Suggest a Book for Greenwich Reads Together 2013

To see the book selected for Greenwich Reads Together 2013, please click here.

Greenwich Reads Together is a community-wide reading experience which will engage all of Greenwich in exploring a single book. Members of the community are encouraged to suggest their favorite books in the comment box below. 

In order to be selected, the book should be of high literary quality, reflective of universal issues and capable of generating thought-provoking discussions. It should lend itself to engaging public programs and appeal to a diverse population. It must also be currently in print and available in large quantities and in multiple formats, including paperback, e-book, audiobook and large print. The suggestions will be evaluated by a Library staff committee and announced later this fall. 

Please note: Due to our anti-spam procedures, your comment may take up to one day to appear on this blog. If do not want to leave your name, please choose a pen name such as "Greenwich Reader" instead of "Anonymous" in the name field.


Suggested by Nancy Kulinski:
For your Greenwich Reads together program, I would strongly suggest Unbroken by Lauren Hillenbrand. An astonishing story of courage and survival against daunting odds. To know that Louis Zamperini still lives is another amazing story in itself.

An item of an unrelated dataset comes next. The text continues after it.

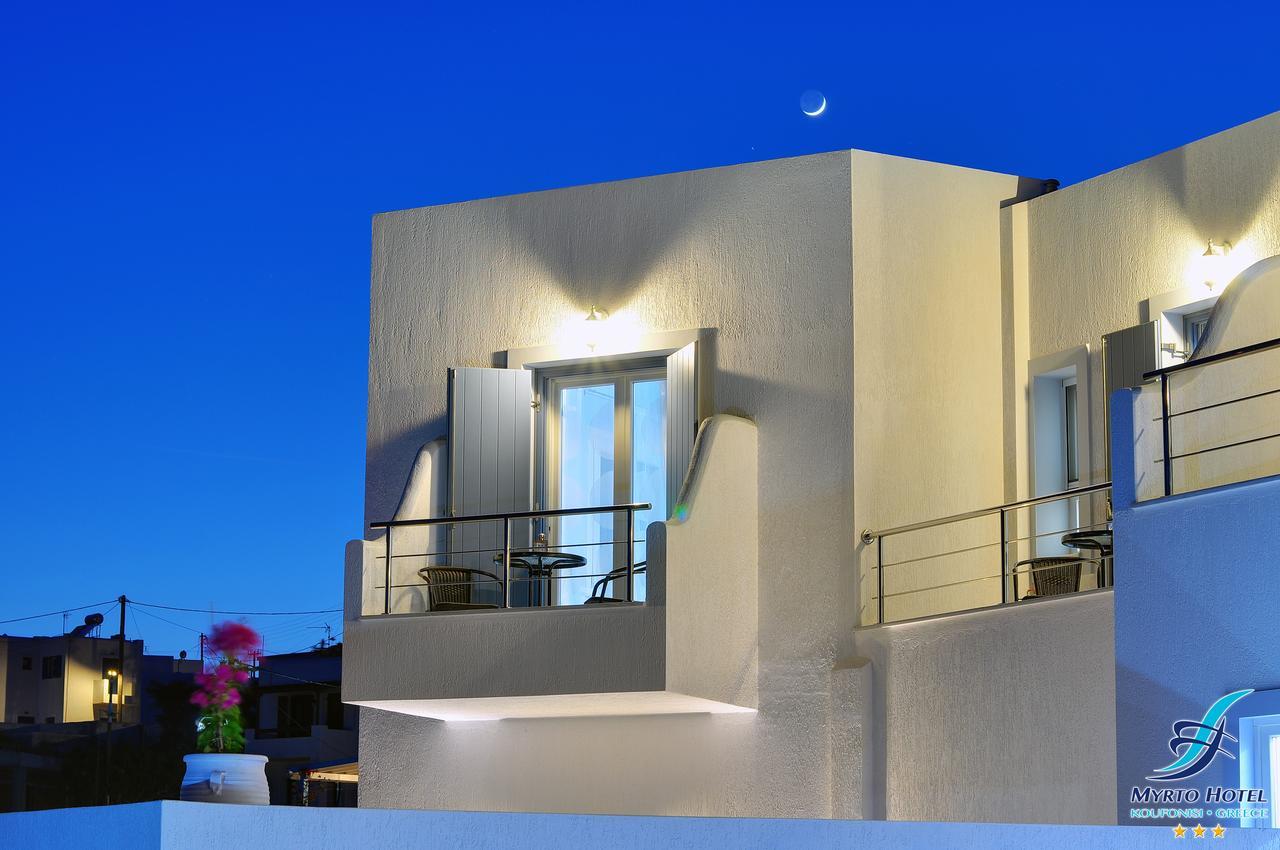 Myrto Hotel Koufonisia Zewnętrze zdjęcie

Following are suggestions from the Greenwich Public School staff:

I vote for The Help! I think it is readable, accessible, and discusses topics that would be good for kids to learn about! – Michael Galatioto

Atlas Shrugged would be a good read because it is relevant to today’s society because it mirrors our current economic strife. Also, today’s society could most definitely relate to the characters. – Elisa Maniscalco

I recommend Wonder by RJ Palacio (middle school level but amazing for elementary or high school students, as well as adults – great for empathy and anti-bullying messages) – Jeannine Madoff

Night Circus by Erin Morgenstern – Michelle Friedman

Two books I loved: City of Thieves by David Benioff – fiction, siege of Leningrad during WWII; and Nothing to Envy by Barbara Demick – non-fiction, oral history, defectors from North Korean. I especially like Nothing to Envy because North Korea is such a mystery. – Carol Sutton

Suggested by Morna:
Catch 22 by Joseph Heller, the great novel about the insanity of war.

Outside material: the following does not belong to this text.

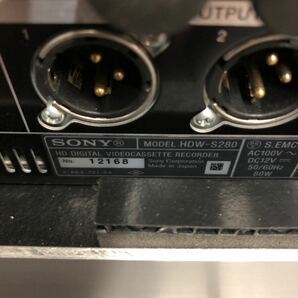 SONY HDW-S280 HDCAMポータブルレコーダー 専用ハードケース 付属 機器輸送ハードケース の画像8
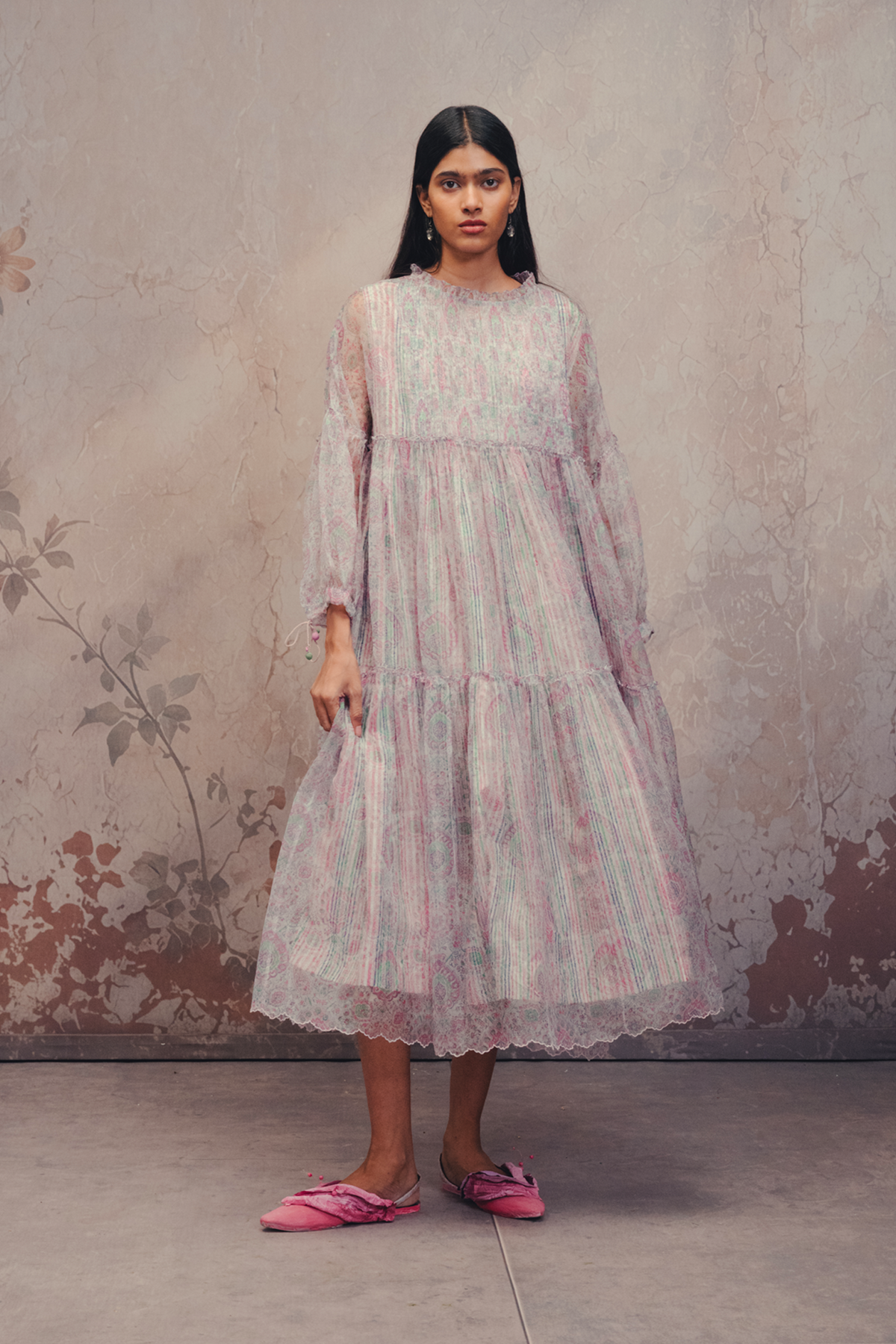 PINE CORSICA DRESS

Submitted by Christine McArthur
I keep telling people to read Ultimatum by Matthew Glass. It was recommended by The Economist a few years ago as a political thriller and I took a chance and loved it. It's particularly current in that it's about climate change and what the newly elected President of the US discovers about the "real" state of the world when he comes into office in 2032!
Great to read even if it's not the chosen one!!

Submitted by Jo Marie Halsey:
I have recently finished a wonderful book, The Warmth of Other Suns, by Isabel Wilkerson. It is a non-fiction book about the migration of African-Americans from the south to the north from 1917 to 1970s. The book is beautifully written, authentic and compassionate. Please give it some consideration for Gr Reads.

I strongly suggest The Tiger's Wife, by Tea Obreht. It is a beautiful first novel by Obreht that explores themes of family relationships, war, and the power of story. It won the UK's Orange Award (for female writers).

Revolutionary Road by Richard Yates. A classic and can be supplemented by the film version. The novel is set in suburban Connecticut (might as well be Greenwich) and the characters reminded me of many people in our town....the "hopeless emptiness" of our monotonous and tedious lives...stability and "doing what's expected" over excitement, risk-taking, the pursuit of dreams, etc. Would probably be a nice mirror for the lives many of us are leading.

From a Greenwich Library Employee:

I would like to suggest The Grapes of Wrath by John Steinbeck, and Giants in the Earth by Ole Edvart Rolvaag.

I would like to recommend Unbroken by Laura Hillenbrand. This is a true story and a great read. I think many readers may have read the book but I do feel that many would read it again for a second time. Most important - there are so many themes and ideas in this book that would make your programs very appealing, diverse and exciting to all age groups.

Two suggestions for Greenwich Reads -

Cutting for Stone by Abraham Verghese
This is an example of great storytelling! Set in Addis Ababa, Ethiopia during turbulent years of social unrest there, Verghese tells a fascinating story about twin brothers who are orphaned shortly after birth and how they grow up in a hospital compound surrounded by wonderfully loving characters. This is a powerful novel and can be enjoyed by readers of various ages.

Mountains Beyond Mountains by Tracey Kidder
Kidder's book is about Paul Farmer - a fascinating man whose life work involves establishing medical facilities in Haiti. A true story, Kidder's terrific writing makes Farmer's inspirational life come alive. Mountains Beyond Mountains can be read by a wide age range and can serve as the source of many wonderful discussion topics.

Here are two suggestions for Greenwich Reads...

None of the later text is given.